Maiden flight of Osoaviakhim-1 and USSR-1 was planned on September 30, 1933 from the same Air Forces airfield in Kuntsevo (earlier, USSR-1 failed to lift off due to a "heavy load of moisture").[14] The military, as the hosts of the site,[8] were the first to fly. USSR-1 with Prokofiev, Godunov and Ernst Birnbaum on board lifted off at 8:40 Moscow Time, reached an altitude of 18,800 metres (61,700 ft)[15] at 14:45 and landed safely around 17:00. Their altitude record, although not recognized by FAI,[16] was publicized worldwide.[17] Flight of Osoaviakhim-1, scheduled to take off later than USSR-1, was cancelled due to unexpected strong winds.

Launches in later autumn and winter was deemed impractical and dangerous, and the balloons were disassembled for winter storage. Fedoseenko, expecting that delicate fabrics and gondola would not survive it,[7][8] proposed a winter launch, and received a go-ahead for it. They missed the first launch window in the end of December; the next streak of good weather was expected in the end of January, coincident with the 17th Congress of the Communist Party, and thus attracting the focus of communist propaganda.[3]

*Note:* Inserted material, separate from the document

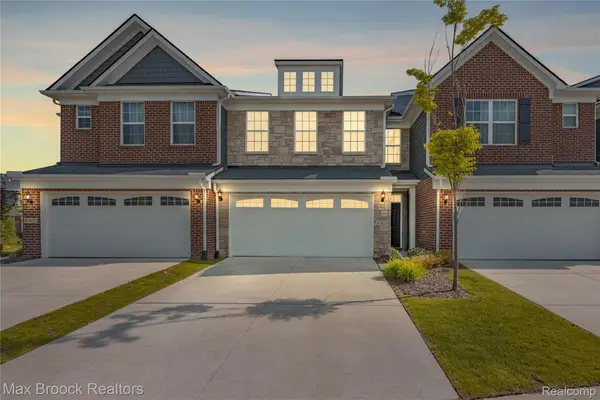 43629 Prospect #102, Novi, MI 48375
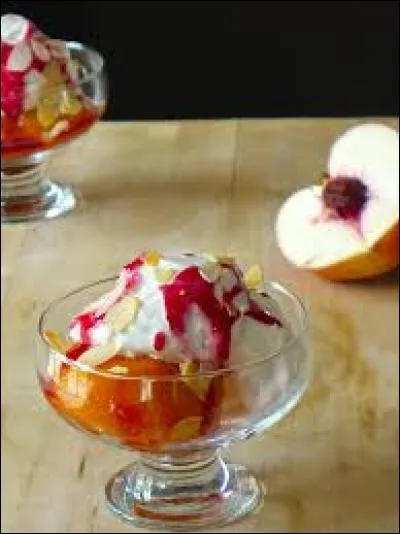 Qui a créé le dessert glacé appelé Pêche Melba en 1893 ?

January 9, 1934 Defence Commissar Kliment Voroshilov requested Stalin's approval of the winter launch, specifically noting that it would be kept secret until the altitude record was set.[18] On January 11 Politburo approved the launch;[18] secrecy concerns were discarded and the flight was publicized in advance.

On January 23 the envelope was partially inflated and properly tested for leaks at a rubber factory in Khamovniki. Gondola and ballast release hardware were also rigorously tested and declared to be in order.[18] On January 28 Osoaviakhim-1 and its crew arrived at the Air Forces field in Kuntsevo. The next day was filled with publicity interviews, meetings and committees extending beyond midnight.[7]

Fatal flight

Osoaviakhim-1 crew boarding the fatal flight. Note the rope basket woven around the gondola.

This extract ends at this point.